Le groupement Carma (Coopération pour une ambition rurale métropolitaine et agricole) a conçu un projet alternatif à EuropaCity, le mégacomplexe touristico-commercial aux portes de Paris, dans le triangle de Gonesse (Val-d’Oise). « Pour le moment, EuropaCity n’existe que sur le papier, ce sont des images de synthèse et un modèle économique, rien de plus », balaie Robert Spizzichino, pilote du projet Carma et ingénieur-urbaniste chevronné. « La persistance de terres agricoles au nord de la métropole est une opportunité immense. Il faut non seulement les préserver, mais aussi se saisir de cette chance : faire du triangle de Gonesse un hub [1] de l’agriculture périurbaine, un technopôle de l’agroécologie », s’enthousiasme-t-il.
Le projet Carma s’est cristallisé fin 2016, en réponse à l’appel à projets « Inventons la métropole du Grand Paris », qui proposait sur certains terrains métropolitains — dont 15 hectares du triangle de Gonesse — d’imaginer des innovations urbanistiques.
« La demande pour une alimentation de proximité n’a jamais été aussi grande »
Pour porter ce projet, Robert Spizzichino, Cyril de Koning et d’autres ont fait appel à Terre de liens Ile-de-France, qui devient le maître d’ouvrage. Biocoop, France nature environnement, Fermes d’avenir, Les Champs des possibles, le réseau Amap se sont greffés à l’initiative.

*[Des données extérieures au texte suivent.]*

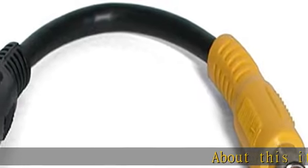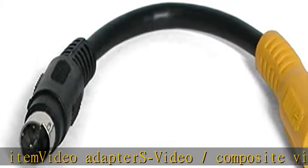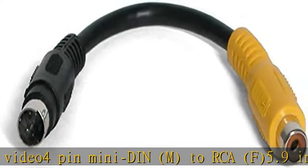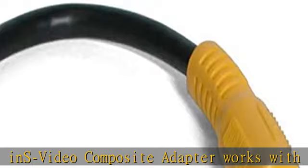About this item: video adapters, video slash composite video, 4-pin mini DIN M to RCA F, 5.9 inches. Video composite adapter works with all VGA with S-Video interface. The adapter allows an S-Video device to be connected to a composite video device. Check the description to get this product today at the best price.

Sur les 700 ha du triangle, Carma prévoit — outre des cultures céréalières bio — une ferme maraîchère solidaire « permettant d’alimenter les cantines scolaires, les banques alimentaires et des circuits courts », un « Farm Lab » pour former à différents métiers agricoles, un centre d’échanges autour des enjeux de sécurité alimentaire, un atelier artisanal et participatif de transformation (conserves, boissons), un espace santé lié à l’alimentation et à la naturopathie, un forum permanent des arts de vivre, des écovillages en bordure des champs.
« Nous nous inscrivons en faux contre la vision prédominante selon laquelle les espaces agricoles sont des espaces vides, insiste Robert Spizzichino. Aujourd’hui, le rural est une source d’inspiration pour les urbains. » « L’Ile-de-France perd 1400 hectares de terres agricoles par an, et ce depuis 10 ans, alors que la demande locale pour une alimentation de proximité n’a jamais été aussi grande », rappelle également leur dossier d’intention.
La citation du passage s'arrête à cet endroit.